Assignment -
Every entry here should be copied exactly.

Extracted records:
▽

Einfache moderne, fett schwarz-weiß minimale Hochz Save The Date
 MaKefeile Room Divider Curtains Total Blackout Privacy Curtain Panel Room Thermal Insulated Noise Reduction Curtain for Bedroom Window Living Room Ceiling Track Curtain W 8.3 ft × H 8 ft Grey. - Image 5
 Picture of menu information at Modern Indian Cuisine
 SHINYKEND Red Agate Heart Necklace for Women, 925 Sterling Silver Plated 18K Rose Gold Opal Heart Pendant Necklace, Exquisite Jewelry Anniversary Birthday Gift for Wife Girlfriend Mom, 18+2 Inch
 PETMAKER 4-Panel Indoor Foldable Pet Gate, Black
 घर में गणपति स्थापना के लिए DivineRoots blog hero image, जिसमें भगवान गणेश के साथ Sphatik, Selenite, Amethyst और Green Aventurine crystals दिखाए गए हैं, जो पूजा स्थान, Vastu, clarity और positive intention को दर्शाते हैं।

△

Reply to the exercise -
Einfache moderne, fett schwarz-weiß minimale Hochz Save The Date
 MaKefeile Room Divider Curtains Total Blackout Privacy Curtain Panel Room Thermal Insulated Noise Reduction Curtain for Bedroom Window Living Room Ceiling Track Curtain W 8.3 ft × H 8 ft Grey. - Image 5
 Picture of menu information at Modern Indian Cuisine
 SHINYKEND Red Agate Heart Necklace for Women, 925 Sterling Silver Plated 18K Rose Gold Opal Heart Pendant Necklace, Exquisite Jewelry Anniversary Birthday Gift for Wife Girlfriend Mom, 18+2 Inch
 PETMAKER 4-Panel Indoor Foldable Pet Gate, Black
 घर में गणपति स्थापना के लिए DivineRoots blog hero image, जिसमें भगवान गणेश के साथ Sphatik, Selenite, Amethyst और Green Aventurine crystals दिखाए गए हैं, जो पूजा स्थान, Vastu, clarity और positive intention को दर्शाते हैं।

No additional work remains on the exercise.